■ Instructions to follow: Sift through the material below and return the lines with "Style".

■ Dataset records:
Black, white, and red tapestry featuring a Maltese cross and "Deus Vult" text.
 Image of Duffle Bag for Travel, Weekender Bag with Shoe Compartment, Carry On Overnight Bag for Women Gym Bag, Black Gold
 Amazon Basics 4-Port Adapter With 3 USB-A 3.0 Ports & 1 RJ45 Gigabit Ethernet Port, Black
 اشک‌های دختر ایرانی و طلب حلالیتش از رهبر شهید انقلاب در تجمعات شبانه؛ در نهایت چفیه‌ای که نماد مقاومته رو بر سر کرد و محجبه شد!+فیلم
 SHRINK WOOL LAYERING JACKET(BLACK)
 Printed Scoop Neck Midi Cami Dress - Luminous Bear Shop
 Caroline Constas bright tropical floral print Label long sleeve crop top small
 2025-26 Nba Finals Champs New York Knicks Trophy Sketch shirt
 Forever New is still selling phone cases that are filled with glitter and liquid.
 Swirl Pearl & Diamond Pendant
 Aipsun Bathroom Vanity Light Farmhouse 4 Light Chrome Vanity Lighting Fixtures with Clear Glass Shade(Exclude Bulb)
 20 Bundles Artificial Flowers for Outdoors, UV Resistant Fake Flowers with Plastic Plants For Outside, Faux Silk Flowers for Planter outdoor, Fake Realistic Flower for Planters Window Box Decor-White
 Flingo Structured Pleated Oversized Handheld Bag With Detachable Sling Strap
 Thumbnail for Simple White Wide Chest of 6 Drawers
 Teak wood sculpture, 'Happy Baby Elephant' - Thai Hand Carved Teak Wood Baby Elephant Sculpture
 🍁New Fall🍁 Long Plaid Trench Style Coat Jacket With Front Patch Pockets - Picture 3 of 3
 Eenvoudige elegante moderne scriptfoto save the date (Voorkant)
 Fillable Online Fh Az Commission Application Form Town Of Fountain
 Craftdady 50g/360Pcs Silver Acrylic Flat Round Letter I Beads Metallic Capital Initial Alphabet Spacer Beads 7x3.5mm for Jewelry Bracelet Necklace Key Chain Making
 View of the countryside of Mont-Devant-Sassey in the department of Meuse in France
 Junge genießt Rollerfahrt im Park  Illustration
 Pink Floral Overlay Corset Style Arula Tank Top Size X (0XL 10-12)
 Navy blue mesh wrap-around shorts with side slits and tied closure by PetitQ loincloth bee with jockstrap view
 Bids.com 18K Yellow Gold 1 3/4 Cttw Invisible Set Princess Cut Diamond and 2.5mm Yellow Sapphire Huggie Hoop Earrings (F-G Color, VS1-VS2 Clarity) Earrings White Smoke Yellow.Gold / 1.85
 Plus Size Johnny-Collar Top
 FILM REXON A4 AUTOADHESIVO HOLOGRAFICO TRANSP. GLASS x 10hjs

■ Your solution:
 🍁New Fall🍁 Long Plaid Trench Style Coat Jacket With Front Patch Pockets - Picture 3 of 3
 Pink Floral Overlay Corset Style Arula Tank Top Size X (0XL 10-12)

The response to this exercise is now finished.